Review by JoshB
The GX-35 Walker Gallia (超合金魂 ウォーカーギャリア) is the companion piece to the GX-28 Walker Machine Xabungle Released in 2005. Both toys hail from the show Combat Mecha Xabungle, which aired for 50 episodes from 1982-1983.
I got this in the mail from betatoys last weekend and I have to say what a great toy this is. If you liked Xabungle, you will love this.
Walker Gallia (also spelled Galliar) is a transformable mecha made out of two distinct vehicles. The first machine, the Gallee-Hover, is a hovercraft that forms the head and arms of the Walker Gallia. The Gallee-Hover is mostly plastic, with metal shoulders and arm connectors. The rotor on the back spins, and 2 small legs fold down from the arms to support it.
The Gallee-Will is a three-wheeled vehicle that looks like a futuristic pickup truck. It has a surprisingly large amount of metal in it. The three wheels are a hard rubber and the rolling action is smooth. There is a small articulated cannon on the front.
While the separate vehicles are interesting, ultimately we are here to talk about the combined Walker Gallia robot.
Transformation is simple – a far cry from the Xabungle. Make sure you unhook the small pegs on the inside of the upper thighs before attempting to transform it. In robot mode Gallia is substantially heavier than the Xabungle. The ample use of diecast makes this a satisfying piece of gokin.
Starting from the top – the head is articulated but it’s movement is limited by its connection to the hover rotor. You have to attach 2 small black antennas to the head, and Bandai gives you 2 other sets of antenna in case you break or lose one. Next to the head is a small spotlight that hides in the shoulder. This spotlight is hard to get at, and I often just a small knife to pry it up.
The shoulders are all metal, including the outer casing and the inner mechanism. The shoulders click with detented joints that have thick teeth. The biceps swivel and the elbow has the standard range of motion. The lower arm opens to reveal a place to store the fists while in Gallee-Hover mode. While 3 sets of fists are included, only the closed fists can be stored in the arms.
The Torso is nice and solid, and has a nice waist-joint.
The legs can rotate out at the hips and the knees click in and out of position. The feet can go forward and backwards, and there is even a little side-to-side motion thanks to a separate foot plate. Small pads on the bottom of the feet are spring loaded – a nice touch. The toes do not bend much.
Gallia comes with a ton of accessories, including:
- 3 sets of hands (open, closed, and gun holding)

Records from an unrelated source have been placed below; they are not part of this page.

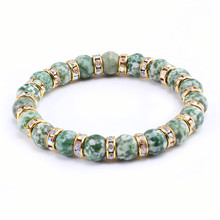 Nova moda verde pulseira de pedra natural para homens charme contas de cristal pulseiras feminino elástico strand pulseiras amante jóias casuais 2024 - compre barato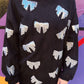 Black/Silver Sequin Bow Corded Crew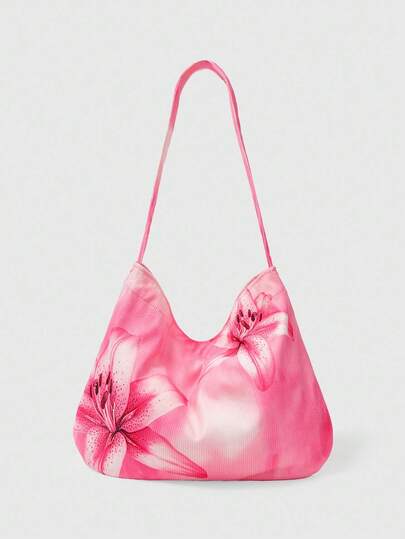 Fairycore 1pc Pink Lily Floral Large Capacity Shoulder Tote Bag, Suitable For Camping, Travel, Shopping, School, Work & More Occasions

- Scope rifle with removable clip
- Bazooka with removable clip and ammo shell
- Shoulder mounted missile bank
- Boomerang Ideom weapon
- Hover Truck
- Hover cycle
- Cargo Box
- Ski clips
Instead of the usual stand, Walker Gallia comes with a small Hover Truck model kit that you have to assemble. You can display it as a stand alone vehicle with a flat bed, or you can add on a second part that acts as a holder for all of the parts. It is a unique idea, but the legs of the Hover truck are flimsy, and I wonder how they will fare over time. All of the weapons can store on the truck, as well as some of the other odd accessories. One accessory is a blue box with an opening top. Inside the box there is a circular item attached to the bottom. I have no idea what this is. Next is a Red Hover cycle – perhaps one of the smallest SOC accessories ever. There is no distinct slot to place this in, so be careful not to lose it. Finally there are 2 step-shaped green parts. These are adapters so that the Walker Gallia can use the skis that come with the Walker Xabungle SOC.

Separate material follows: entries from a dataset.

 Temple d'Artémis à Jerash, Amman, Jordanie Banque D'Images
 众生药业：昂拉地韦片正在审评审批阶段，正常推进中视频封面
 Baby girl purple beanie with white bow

Included with the Walker Gallia is a model kit of the Walker Machine Durun. This kit is one of many Walker Machine designs that did not see kit form during the original run of models in the 80s.
The model kit is simple to put together, but may be a bit confusing to the novice modeler. The arms seem tricky at first, and the non-English instructions don’t help. It took me (a casual model builder) just over an hour to put this kit together. It is molded in color, and requires no glue or paint. A large portion of the kit is already assembled for you in the box.

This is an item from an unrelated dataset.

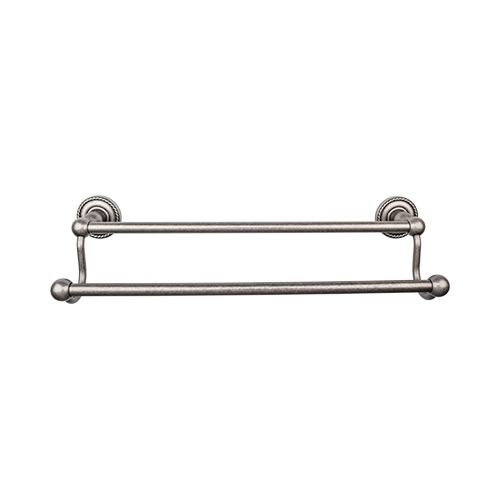 Top Knobs ED9APF Edwardian Bath 24" Double Towel Bar - Antique Pewter - Rope Backplate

While the Durun is neat, I find the design odd and hard to display in my collection. The Durun is large and oddly shaped. It’s larger than the Gallia. I think some paint detailing and weathering would add a lot to this model’s appearance. While the Xabungle and Brockary share a similar design aesthetic, the Gallia and the Durun are an odd couple.
Both toys are packed in the typically beautiful Soul of Chogokin Box. Inside is two boxes. One tray has all the parts for the Gallia, packed in flimsy transparent plastic. The other box is for the Durun. The Box is styled just like the old model kits. I am pretty sure the Irongear used in the box photo is the Clover DX Irongear.
Overall, I think the Walker Gallia is a winner. The Durun kit is ok, but consider it a bonus. The Gallia is worth the purchase price alone.